Светлый фон

Основным предметом разногласий между двумя сторонами, как и на протяжении всей войны, был статус Польши. Рузвельт был готов дать Сталину некоторую свободу действий при условии, что он не будет перегибать палку. Трумэн был настроен иначе. Днем 23 апреля он вызвал в Белый дом Стимсона, Маршалла, адмиралов Кинга и Лихи, министра флота Форрестола, государственного секретаря Стеттиниуса, Гарримана и генерала Джона Дина, которые прилетели из Москвы несколькими днями ранее. Вступительное слово Трумэна предопределило грядущую холодную войну. «Наши соглашения с Советским Союзом до сих пор были улицей с односторонним движением, и так продолжаться не может», – сказал он.

Несколько минут он продолжал в том же духе, а затем спросил у гостей их мнение. Форрестол придерживался жесткой линии. По его словам, Сталин положил глаз на Венгрию, Болгарию и Грецию, «и я думаю, что мы могли бы решить этот вопрос сейчас, а не откладывать его на потом». Гарриман был немного более оптимистичен: «Настоящая проблема – это решить вопрос о том, должны ли мы участвовать в установлении советского господства над Польшей. Очевидно, мы сталкиваемся с возможностью разрыва с русскими, но я чувствую, что при правильном решении этого можно избежать».

Стимсон, который выступал следующим, предупредил: если Соединенные Штаты займут жесткую позицию в отношении Польши, они могут испортить отношения с Россией, а это слишком высокая цена. «Я думаю, что, возможно, русские более реалистичны, чем мы, в отношении собственной безопасности», – сказал он. Адмирал Лихи согласился: «Я покинул Ялту с впечатлением, что советское правительство не собиралось разрешать свободному правительству действовать в Польше. Я бы удивился, если бы Сталин повел себя иначе». Генерал Маршалл, самый влиятельный военный среди собравшихся, встал на сторону Лихи и Стимсона, сказав: «Я надеюсь на участие Советского Союза в войне против Японии… Русские могут отложить вступление в войну на Дальнем Востоке до тех пор, пока мы не сделаем всю грязную работу. <…> Вероятность разрыва с Россией весьма велика». На этой торжественной ноте завершилось первое заседание Трумэна.
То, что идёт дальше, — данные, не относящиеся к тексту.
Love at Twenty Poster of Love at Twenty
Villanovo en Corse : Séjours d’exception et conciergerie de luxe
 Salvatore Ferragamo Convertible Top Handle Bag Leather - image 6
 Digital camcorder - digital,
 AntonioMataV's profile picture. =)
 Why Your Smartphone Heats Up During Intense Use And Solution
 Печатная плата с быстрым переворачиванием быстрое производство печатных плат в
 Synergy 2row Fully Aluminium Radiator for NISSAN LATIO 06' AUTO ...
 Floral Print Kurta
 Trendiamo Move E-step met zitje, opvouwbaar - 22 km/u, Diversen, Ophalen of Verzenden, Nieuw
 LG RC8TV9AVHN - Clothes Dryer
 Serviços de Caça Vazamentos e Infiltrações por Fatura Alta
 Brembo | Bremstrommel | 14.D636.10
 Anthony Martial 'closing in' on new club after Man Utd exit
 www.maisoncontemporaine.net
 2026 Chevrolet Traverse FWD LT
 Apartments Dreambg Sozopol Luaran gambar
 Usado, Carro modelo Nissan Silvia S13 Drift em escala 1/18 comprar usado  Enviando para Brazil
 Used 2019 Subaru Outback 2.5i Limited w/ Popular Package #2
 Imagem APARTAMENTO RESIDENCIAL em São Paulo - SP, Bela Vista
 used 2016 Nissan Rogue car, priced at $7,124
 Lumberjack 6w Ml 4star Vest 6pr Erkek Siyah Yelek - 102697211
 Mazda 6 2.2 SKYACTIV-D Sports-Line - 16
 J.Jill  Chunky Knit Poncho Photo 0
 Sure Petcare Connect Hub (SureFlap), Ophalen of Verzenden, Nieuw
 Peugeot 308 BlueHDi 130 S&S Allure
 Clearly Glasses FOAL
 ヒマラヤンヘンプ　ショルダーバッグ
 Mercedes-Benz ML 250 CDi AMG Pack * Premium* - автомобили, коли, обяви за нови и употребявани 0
В 17:30 Трумэн принял вторую группу посетителей. Молотов и Андрей Громыко, советский посол в США, прибыли в Белый дом, и Трумэн, не обладая даром Рузвельта вести светские беседы, сразу перешел к делу: если не будет найдено решение по Польше, приемлемое для всех сторон, он сомневался, что послевоенное сотрудничество между Соединенными Штатами и Советским Союзом будет возможным. Затем он передал Молотову письмо для Сталина. В нем говорилось: «По мнению правительства Соединенных Штатов, крымское решение [то есть принятое в Ялте] о Польше может быть выполнено лишь в том случае, если в Москву для консультации будет приглашена группа подлинно представительных демократических польских деятелей. Правительство Соединенных Штатов и британское правительство в своем совместном послании, переданном маршалу Сталину 18 апреля, пошли настолько далеко, насколько они могли, чтобы решить вопрос и выполнить крымские решения. Советское правительство должно понять, что если дело с осуществлением крымского решения о Польше теперь не двинется вперед, то это серьезно подорвет веру в единство трех правительств и в их решимость продолжать сотрудничество в будущем, как они это делали в прошлом». Трумэн и все более разочаровывающийся Молотов несколько минут ходили вокруг да около Польши и Ялтинских договоренностей, затем Молотов вышел из себя и закричал: «Со мной никогда в жизни так не разговаривали!» Трумэн ответил: «Выполняйте свои договоренности, и с вами не будут так разговаривать».